▶ WHAT IS EXPECTED
Print the line that contains "Corolla, NC 27927", then every line after it until the entries end, exactly as they read; do not include pictures.

Brief descriptive captions

* * * * * * * * *

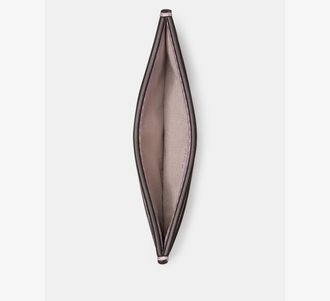 Kate Spade New York Small Slim Card Holder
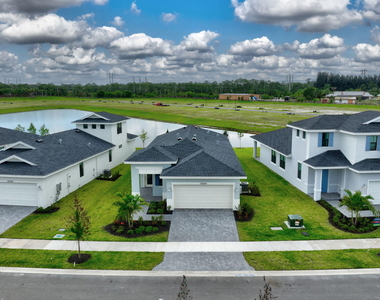 10644 Nw Wilgrove Lane - Photo Thumbnail 62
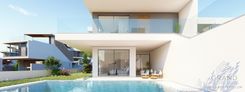 Villas- A1388 - photo-6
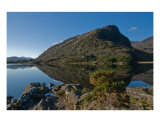 Ladys View Vista, Ring Of Kerry Photographic Print by Joe Houghton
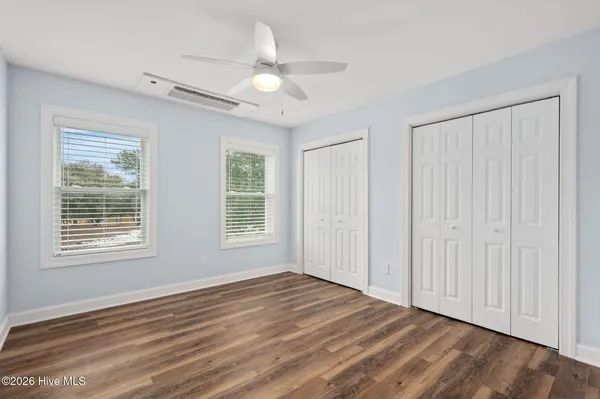 $1,450,000 | 830 Hunt Club Drive, Corolla, NC 27927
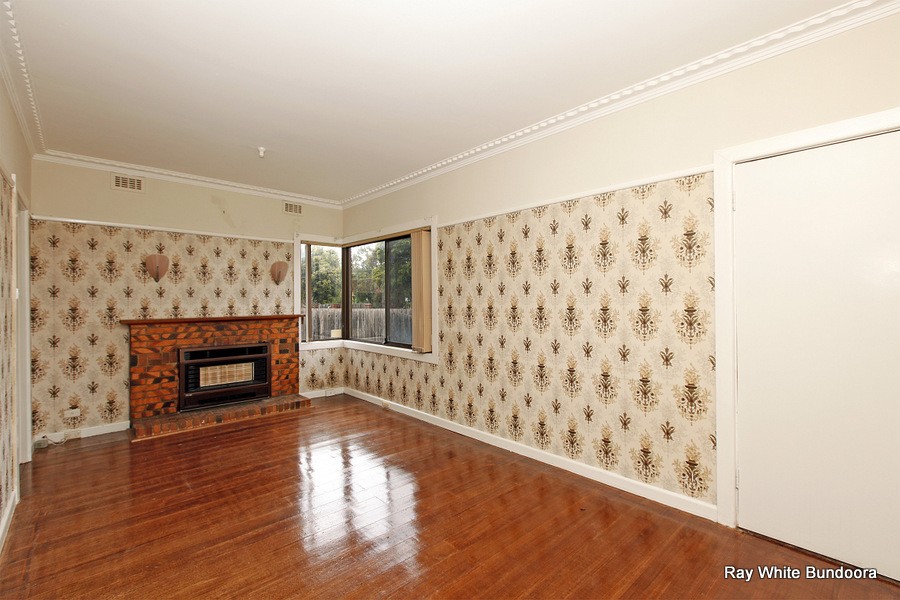 1/14 Clunes Street, KINGSBURY, VIC 3083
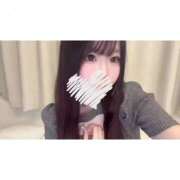 ヒメ日記 2025/07/26 03:56 投稿 のあ 隙のあるエステ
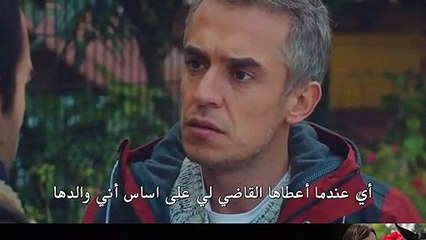 Kı-13.--3.-Frag_cut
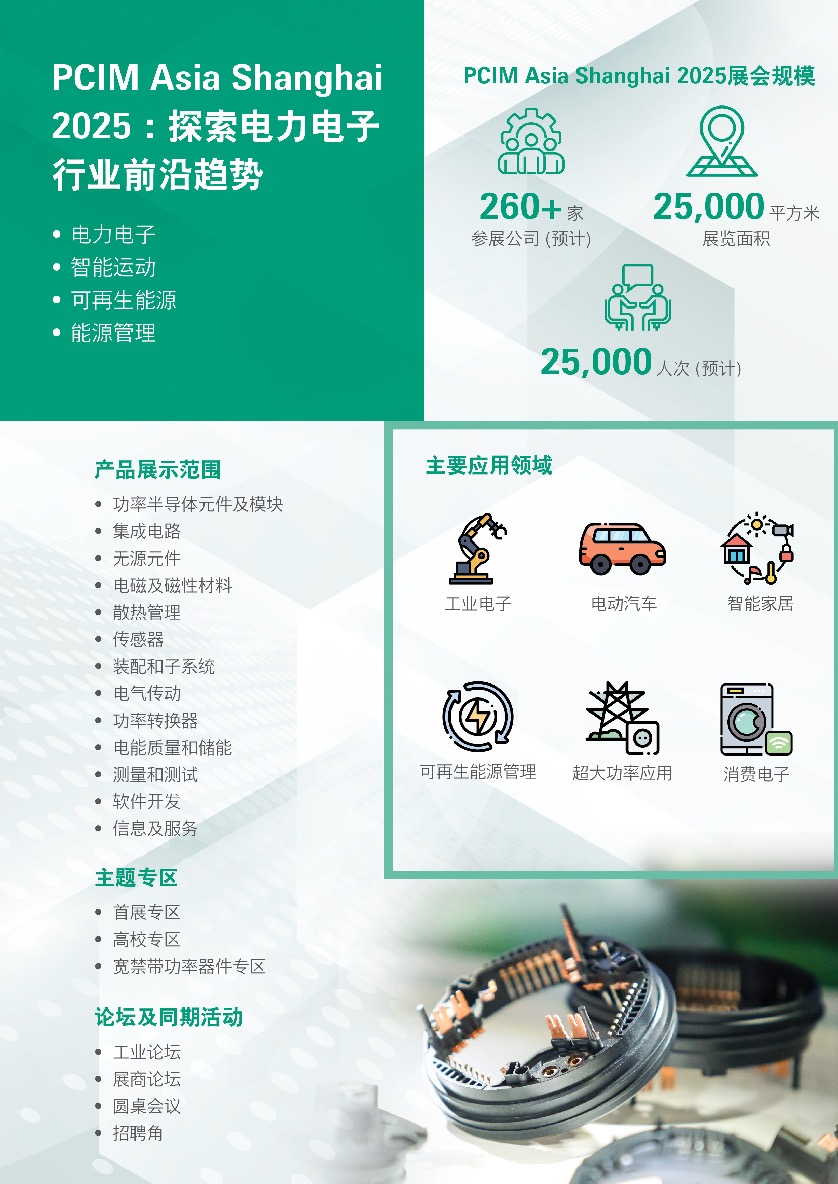 WeChatda7ea797f7e966175fa024cbeaf03514.jpg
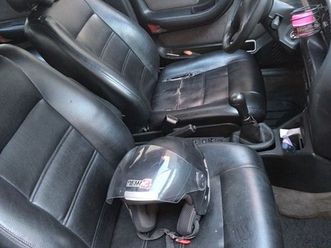 FIAT TEMPRA tempra-95-sem-dividas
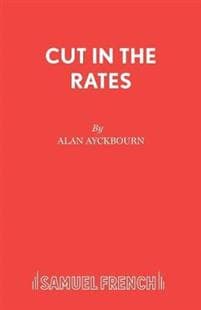 A Cut in the Rates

* * * * * * * * *

▶ SOLUTION TO THIS EXERCISE
 $1,450,000 | 830 Hunt Club Drive, Corolla, NC 27927
 1/14 Clunes Street, KINGSBURY, VIC 3083
 ヒメ日記 2025/07/26 03:56 投稿 のあ 隙のあるエステ
 Kı-13.--3.-Frag_cut
 WeChatda7ea797f7e966175fa024cbeaf03514.jpg
 FIAT TEMPRA tempra-95-sem-dividas
 A Cut in the Rates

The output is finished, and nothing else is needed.